§ Task
Repeat the data that follows exactly, starting at the line with "Centro Montessori Bulevar" and ending at the line with "241 Waterbuck Loop Hutto TX 78634", and leave out every picture.

§ Recorded data
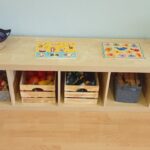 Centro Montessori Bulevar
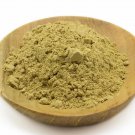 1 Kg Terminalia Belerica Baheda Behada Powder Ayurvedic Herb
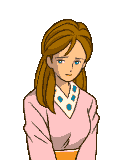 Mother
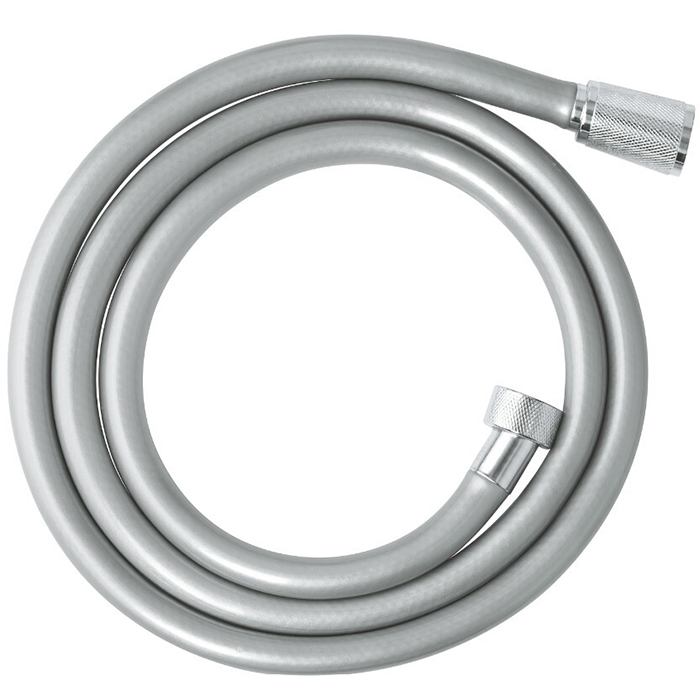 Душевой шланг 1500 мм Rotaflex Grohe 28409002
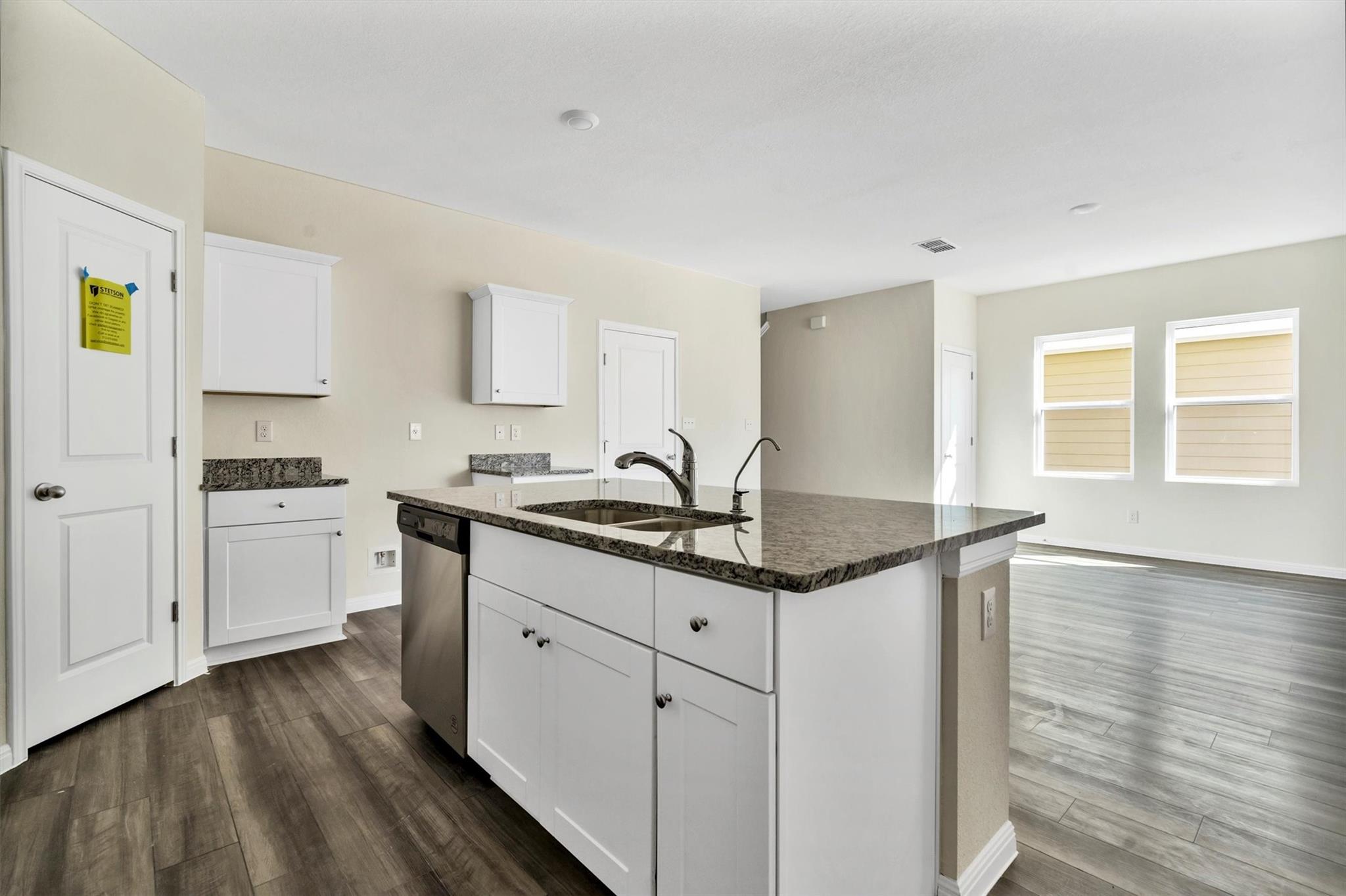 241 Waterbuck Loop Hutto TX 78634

---

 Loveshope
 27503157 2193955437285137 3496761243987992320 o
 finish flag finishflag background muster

§ Problem solution
 Centro Montessori Bulevar
 1 Kg Terminalia Belerica Baheda Behada Powder Ayurvedic Herb
 Mother
 Душевой шланг 1500 мм Rotaflex Grohe 28409002
 241 Waterbuck Loop Hutto TX 78634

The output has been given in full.